Task instructions:
Look through the data below for the line with "U Lock con Chiavi", and transcribe it exactly together with each line after it up to and including the line with "Pantalla de 14". Give nothing else.

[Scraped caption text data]

---*---

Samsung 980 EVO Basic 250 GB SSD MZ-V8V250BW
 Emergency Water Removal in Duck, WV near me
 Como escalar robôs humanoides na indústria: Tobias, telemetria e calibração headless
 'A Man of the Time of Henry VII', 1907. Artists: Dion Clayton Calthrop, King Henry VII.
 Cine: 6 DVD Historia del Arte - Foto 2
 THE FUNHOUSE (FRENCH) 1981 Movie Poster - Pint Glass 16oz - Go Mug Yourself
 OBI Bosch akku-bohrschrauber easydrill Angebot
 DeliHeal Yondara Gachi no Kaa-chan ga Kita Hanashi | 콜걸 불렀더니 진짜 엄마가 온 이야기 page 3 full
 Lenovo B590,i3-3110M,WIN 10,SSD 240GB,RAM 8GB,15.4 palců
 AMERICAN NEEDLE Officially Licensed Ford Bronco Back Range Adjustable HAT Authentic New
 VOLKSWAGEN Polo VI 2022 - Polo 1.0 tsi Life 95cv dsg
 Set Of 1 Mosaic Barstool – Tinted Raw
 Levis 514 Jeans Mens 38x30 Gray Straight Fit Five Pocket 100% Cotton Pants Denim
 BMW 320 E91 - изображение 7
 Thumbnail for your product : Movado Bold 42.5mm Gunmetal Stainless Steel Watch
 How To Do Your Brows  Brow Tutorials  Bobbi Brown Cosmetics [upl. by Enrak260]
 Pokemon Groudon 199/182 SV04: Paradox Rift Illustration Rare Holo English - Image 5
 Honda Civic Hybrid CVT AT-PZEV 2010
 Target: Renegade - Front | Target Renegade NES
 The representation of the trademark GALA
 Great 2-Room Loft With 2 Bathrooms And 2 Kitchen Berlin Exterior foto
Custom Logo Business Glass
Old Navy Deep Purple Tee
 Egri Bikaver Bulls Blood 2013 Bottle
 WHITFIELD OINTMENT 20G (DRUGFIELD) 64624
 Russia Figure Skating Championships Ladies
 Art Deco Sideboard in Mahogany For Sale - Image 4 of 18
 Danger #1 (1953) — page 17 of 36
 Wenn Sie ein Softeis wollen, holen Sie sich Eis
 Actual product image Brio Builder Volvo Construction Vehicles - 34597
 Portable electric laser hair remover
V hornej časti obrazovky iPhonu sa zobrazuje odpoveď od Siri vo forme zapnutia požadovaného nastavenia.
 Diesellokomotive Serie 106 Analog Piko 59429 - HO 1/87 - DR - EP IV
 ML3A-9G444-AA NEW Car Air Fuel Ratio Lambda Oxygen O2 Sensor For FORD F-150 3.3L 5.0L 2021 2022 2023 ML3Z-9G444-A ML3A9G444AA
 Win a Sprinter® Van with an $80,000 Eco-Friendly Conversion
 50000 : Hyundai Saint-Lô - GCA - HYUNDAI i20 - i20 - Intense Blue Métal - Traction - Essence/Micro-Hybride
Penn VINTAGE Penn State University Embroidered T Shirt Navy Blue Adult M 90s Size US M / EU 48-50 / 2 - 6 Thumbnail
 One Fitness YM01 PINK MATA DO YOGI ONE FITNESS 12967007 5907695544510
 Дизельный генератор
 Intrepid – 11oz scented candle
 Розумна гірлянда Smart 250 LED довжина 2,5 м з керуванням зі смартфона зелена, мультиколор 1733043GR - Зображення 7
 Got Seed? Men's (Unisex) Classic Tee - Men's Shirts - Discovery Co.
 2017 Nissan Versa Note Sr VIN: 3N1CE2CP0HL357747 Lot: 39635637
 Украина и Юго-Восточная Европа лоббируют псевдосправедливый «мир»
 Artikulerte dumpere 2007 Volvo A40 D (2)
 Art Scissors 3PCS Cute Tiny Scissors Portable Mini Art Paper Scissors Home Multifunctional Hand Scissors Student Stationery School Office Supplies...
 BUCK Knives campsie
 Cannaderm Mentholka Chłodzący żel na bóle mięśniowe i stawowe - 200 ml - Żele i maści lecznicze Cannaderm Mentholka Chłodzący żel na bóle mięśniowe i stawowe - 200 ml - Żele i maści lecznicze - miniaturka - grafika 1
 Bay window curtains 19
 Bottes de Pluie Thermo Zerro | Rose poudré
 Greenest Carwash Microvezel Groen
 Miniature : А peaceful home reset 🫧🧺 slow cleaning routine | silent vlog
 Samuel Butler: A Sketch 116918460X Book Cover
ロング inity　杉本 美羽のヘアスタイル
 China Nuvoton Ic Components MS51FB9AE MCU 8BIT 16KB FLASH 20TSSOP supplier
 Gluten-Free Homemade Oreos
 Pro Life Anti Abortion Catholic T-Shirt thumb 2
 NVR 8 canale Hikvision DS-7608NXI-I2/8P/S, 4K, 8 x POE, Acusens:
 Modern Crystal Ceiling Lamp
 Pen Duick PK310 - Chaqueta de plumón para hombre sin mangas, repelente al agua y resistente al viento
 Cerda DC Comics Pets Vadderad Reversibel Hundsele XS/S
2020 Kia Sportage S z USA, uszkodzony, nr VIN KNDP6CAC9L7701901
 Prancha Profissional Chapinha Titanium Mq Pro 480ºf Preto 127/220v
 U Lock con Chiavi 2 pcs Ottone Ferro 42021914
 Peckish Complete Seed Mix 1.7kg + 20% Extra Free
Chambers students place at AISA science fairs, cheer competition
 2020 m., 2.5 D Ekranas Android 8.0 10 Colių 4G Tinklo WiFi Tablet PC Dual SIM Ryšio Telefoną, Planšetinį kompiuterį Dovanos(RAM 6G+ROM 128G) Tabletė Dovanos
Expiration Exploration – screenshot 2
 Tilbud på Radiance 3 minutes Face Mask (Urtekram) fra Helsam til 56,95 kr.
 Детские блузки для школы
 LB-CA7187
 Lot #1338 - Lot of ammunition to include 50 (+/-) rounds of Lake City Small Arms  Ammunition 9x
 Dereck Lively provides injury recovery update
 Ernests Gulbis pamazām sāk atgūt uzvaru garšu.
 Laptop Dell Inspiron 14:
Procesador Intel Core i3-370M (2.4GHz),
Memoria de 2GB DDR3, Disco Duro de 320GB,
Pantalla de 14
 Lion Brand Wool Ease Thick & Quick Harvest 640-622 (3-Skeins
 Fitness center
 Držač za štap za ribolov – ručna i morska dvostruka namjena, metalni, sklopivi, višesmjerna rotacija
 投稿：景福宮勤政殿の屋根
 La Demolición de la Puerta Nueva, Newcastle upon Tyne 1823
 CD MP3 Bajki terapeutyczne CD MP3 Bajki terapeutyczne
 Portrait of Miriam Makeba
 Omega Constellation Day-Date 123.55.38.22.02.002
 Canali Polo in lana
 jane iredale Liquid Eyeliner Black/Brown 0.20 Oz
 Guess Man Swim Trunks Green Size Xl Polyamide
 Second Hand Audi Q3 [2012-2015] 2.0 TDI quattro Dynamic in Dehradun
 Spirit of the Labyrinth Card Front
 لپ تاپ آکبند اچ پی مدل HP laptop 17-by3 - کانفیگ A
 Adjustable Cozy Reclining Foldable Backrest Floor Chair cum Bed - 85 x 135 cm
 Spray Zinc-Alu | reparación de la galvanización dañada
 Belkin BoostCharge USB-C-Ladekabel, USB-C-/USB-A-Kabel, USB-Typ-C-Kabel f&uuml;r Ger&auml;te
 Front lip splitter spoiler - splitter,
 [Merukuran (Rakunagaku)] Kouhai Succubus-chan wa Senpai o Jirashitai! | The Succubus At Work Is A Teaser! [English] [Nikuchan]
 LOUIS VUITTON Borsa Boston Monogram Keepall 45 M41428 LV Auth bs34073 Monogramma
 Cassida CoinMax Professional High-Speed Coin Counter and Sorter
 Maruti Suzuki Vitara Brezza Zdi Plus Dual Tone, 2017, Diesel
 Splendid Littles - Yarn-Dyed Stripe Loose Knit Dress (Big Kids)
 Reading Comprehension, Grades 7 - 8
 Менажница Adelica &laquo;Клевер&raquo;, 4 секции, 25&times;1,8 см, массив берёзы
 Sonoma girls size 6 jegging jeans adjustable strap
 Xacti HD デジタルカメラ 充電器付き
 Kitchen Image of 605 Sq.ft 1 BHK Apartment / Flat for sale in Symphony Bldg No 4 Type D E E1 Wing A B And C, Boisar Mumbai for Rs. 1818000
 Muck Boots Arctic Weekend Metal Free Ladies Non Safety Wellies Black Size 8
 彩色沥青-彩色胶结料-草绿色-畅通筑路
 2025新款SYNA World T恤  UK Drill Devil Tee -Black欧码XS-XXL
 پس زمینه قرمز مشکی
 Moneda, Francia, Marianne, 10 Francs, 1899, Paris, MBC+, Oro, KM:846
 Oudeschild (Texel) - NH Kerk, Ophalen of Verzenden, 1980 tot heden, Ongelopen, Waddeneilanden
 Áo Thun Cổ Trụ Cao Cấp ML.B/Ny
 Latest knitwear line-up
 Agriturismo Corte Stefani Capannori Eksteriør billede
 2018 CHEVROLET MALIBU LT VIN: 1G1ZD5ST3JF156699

---*---

Output of the exercise:
 U Lock con Chiavi 2 pcs Ottone Ferro 42021914
 Peckish Complete Seed Mix 1.7kg + 20% Extra Free
Chambers students place at AISA science fairs, cheer competition
 2020 m., 2.5 D Ekranas Android 8.0 10 Colių 4G Tinklo WiFi Tablet PC Dual SIM Ryšio Telefoną, Planšetinį kompiuterį Dovanos(RAM 6G+ROM 128G) Tabletė Dovanos
Expiration Exploration – screenshot 2
 Tilbud på Radiance 3 minutes Face Mask (Urtekram) fra Helsam til 56,95 kr.
 Детские блузки для школы
 LB-CA7187
 Lot #1338 - Lot of ammunition to include 50 (+/-) rounds of Lake City Small Arms  Ammunition 9x
 Dereck Lively provides injury recovery update
 Ernests Gulbis pamazām sāk atgūt uzvaru garšu.
 Laptop Dell Inspiron 14:
Procesador Intel Core i3-370M (2.4GHz),
Memoria de 2GB DDR3, Disco Duro de 320GB,
Pantalla de 14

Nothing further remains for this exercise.